And at the Andersen hearing and others, Ted Dallas appeared an spoke, but made it clear to reporters and some members of the audience that he was not stating the union’s “official” position. The puzzle remained until the filing of the Koffman-Walsh Complaint.

The complaint contains a number of internal CTU documents which, in the context of the massive attack on the union’s members, become shocking.

On February 1, 2008, a few days before the whirlwind three weeks of hearings on the closings began, Stewart issued a memo ordering the members of the CTU Executive Committee (the union’s five officers and the head of the Trustees) not to attend school meetings without her authorization.

“Because of the sensitive nature of some current relations with the Chicago Board of Education,” Stewart’s memo stated, “and the desire not to have different messages given by various individuals at various times, I am directing that no Officer of the Union is to make a visit to a Chicago Public Schools [sic] to speak with school personnel, including members of the Union, facility [sic] without my authorization…”

Stewart has refused repeated requests from Substance for interviews regarding what she means by the “sensitive nature of some current relations with the Chicago Board of Education” in the now public February 1 memo, which is reproduced [above] on this page.

The February 26 memo. Did Marilyn Stewart covertly support the ‘Reconstitution’ of six schools and the firing of all their staffs and then try to cover up the deal she had made by ordering her staff not to attend the hearings or organize union members against the reconstitution? Above: “Exhibit FFF” in the Koffman - Walsh Complaint is a memo that Marilyn Stewart send to CTU Vice President Ted Dallas officially warning him to curtail his public comments and not to hold “unauthorized” school meetings with union members.
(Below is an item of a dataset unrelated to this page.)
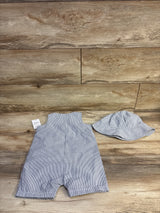 NEW Just One You 2pc Striped Shortie Romper & Hat Set Blue sz 18m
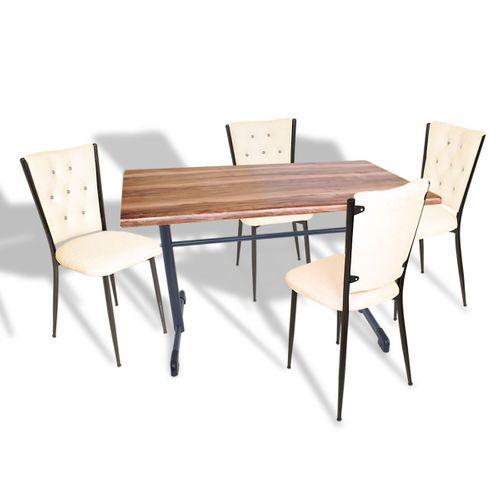 Dockers Halley - Kapitoneli Mutfak Masa Takımı - 70x120 (Werzalit, Wermodin veya Allzalit Tabla) - Indiana Wood-Krem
The day after the memo was issued, the Board of Education voted to reconstitute Orr High School and fire all of its staff. Orr was one of six schools reconstituted (under the guise of something called "turnaround") where the union leadership — with the exception of Dallas — did nothing. Marilyn Stewart not only failed to attend the meeting she accuses Ted Dallas of holding at Orr (which could “bring the Union into disrepute...”), but she also avoided the Board of Education meeting (February 27, 2008) when the destruction of Orr was approved.

On February 7, 2008, the Chicago Board of Education convened a hearing at which it made clear that the Board intended to “reconstitute” Orr High School. After all the smoke and mirrors of “Turnarounding” had been cleared away, at each of the hearings on the six schools targeted, the Board of Education’s Chief Office of Research, Evaluation, and Accountability, former Illinois State Board of Education official Ginger Reynolds, stated that the Board was going to reconstitute the six schools. The same boilerplate legal statements were made during the Orr hearings and during other hearings for the five other schools: Harper High School; Copernicus, Fulton, Howe, and Morton elementary schools.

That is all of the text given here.